In 1828 a new act of Parliament reduced the tolls and formalised Chaplin's irregular ninety-nine year lease, sixty years after the fact. In 1847 the East Lincolnshire Railway Company bought out the lease, and the Great Northern Railway in turn took control of the East Lincolnshire. The GNR held the navigation as a tactical move - to prevent the existing leaseholders from opposing the railway's plans - and kept the tolls as high as they could legally manage for twenty-nine years. When the lease ended in 1876 the General Manager of the GNR suggested the railway not renew. The commissioners struggled to find anyone willing to bid. Income was still satisfactory into the early 1900s, but the writing was on the wall. The early twentieth century brought rapid decline. The First World War finished what was left of the trade. In 1916 the total annual income from the canal was sixty-six pounds.

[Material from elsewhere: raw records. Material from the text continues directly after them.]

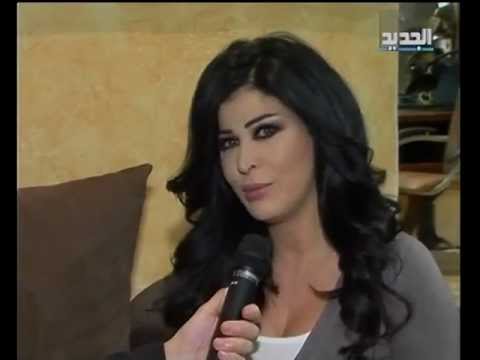 النجمة السورية جومانا أبو مراد مع أو ضد النظام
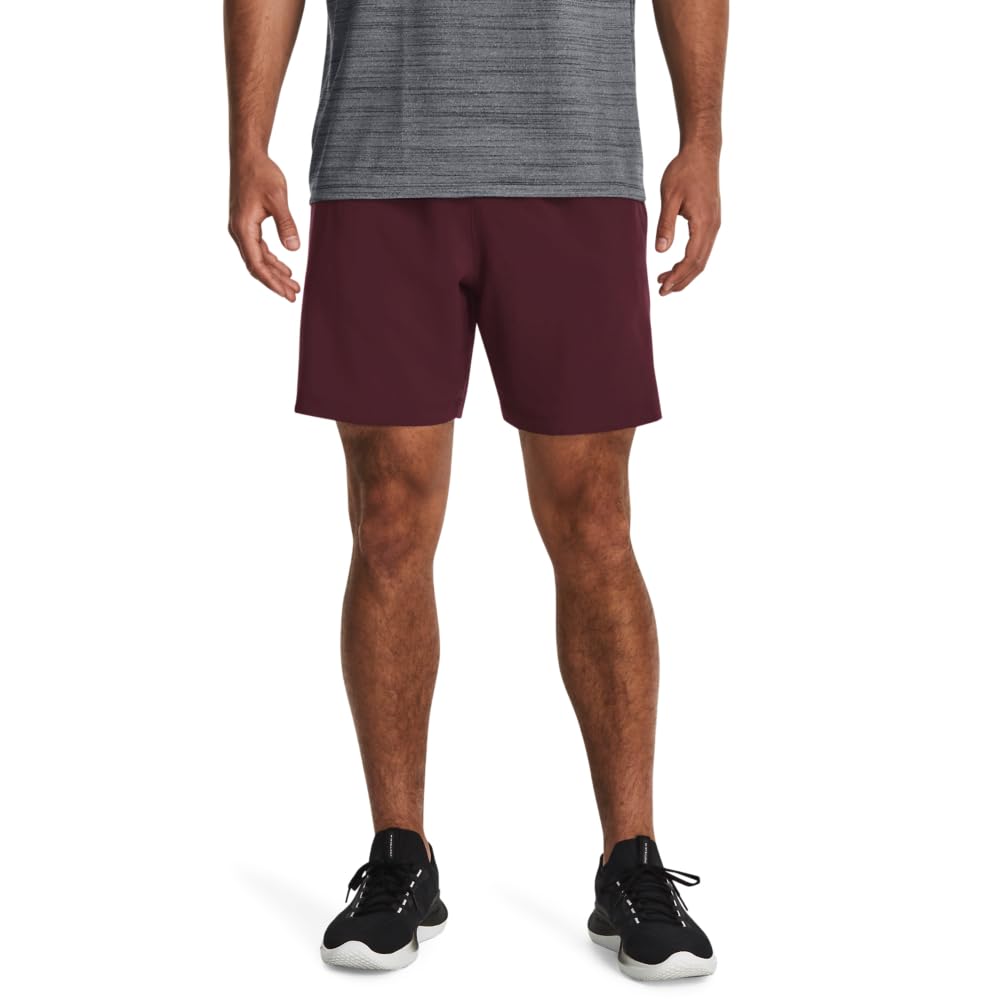 Under Armour Woven 7-Inch Shorts - Pantalones Cortos Hombre
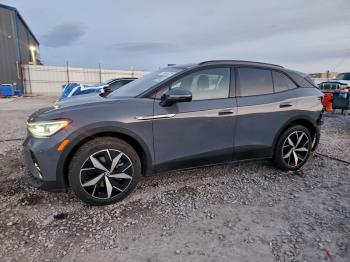  Salvage Volkswagen ID.4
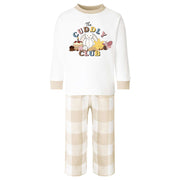 Cuddly Club name check pyjamas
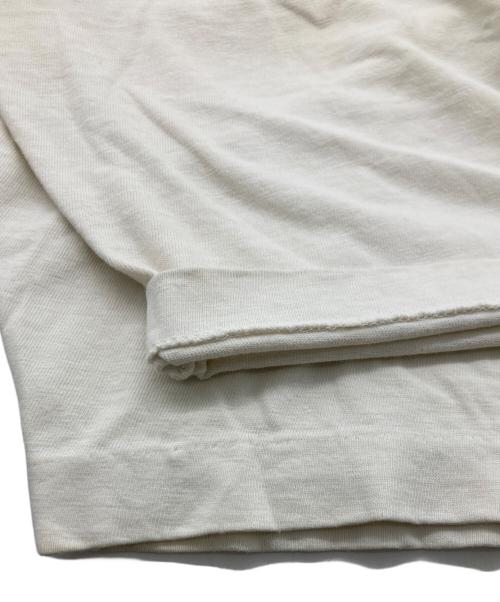 ALORE（アローレ）ALORE (アローレ) 90s Baseball Is Life メッセージプリントTシャツ ホワイト サイズ:XLの古着・服飾アイテム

The Louth flood of 1920 wrecked the Riverhead area at the town end of the canal, and that was effectively the end. The commissioners asked to be relieved of their obligation to maintain the navigation. In 1924 the canal formally closed. The assets were sold for six thousand two hundred and forty pounds. But the canal had always been a land drainage channel as well as a navigation, and that second job kept it alive. Today the whole route is a designated main river, managed by the Environment Agency, with five pumping stations operated by the Lindsey Marsh Internal Drainage Board feeding water into it from the surrounding low-lying farmland. It feeds Covenham Reservoir, built in the 1960s to supply drinking water. The Tetney outfall sluice still controls the connection to the sea. The Grade II warehouses at Riverhead survive - Jackson's Warehouse, ten bays, two storeys and an attic, converted to a dwelling in 2003. The Woolpack Inn is still there. Baines Flour Mill, the old red-brick three-storey building that once supplied water to the basin, is still standing. The canal stretches dead straight to the horizon between wide grass embankments, in a country flat enough that the sky takes up most of the view. The keels and sloops are gone. The slow water remains.
The Louth Navigation runs about eleven miles from the Riverhead basin at Louth (53.37°N, 0.01°W) north-east to Tetney Haven at the mouth of the Humber. The centre of the route is around 53.45°N, 0.04°E. Recommended viewing altitude is 1,500-2,500 feet AGL to follow the straight cut across the marsh. The nearest airports are Humberside (EGNJ) to the north-west and the disused RAF North Coates near the seaward end. Covenham Reservoir is a prominent landmark north of the canal mid-route. Watch for restricted airspace over the Donna Nook range south of Tetney. Best light is mid-morning easterly, when shadows pick out the embankments and lock remains.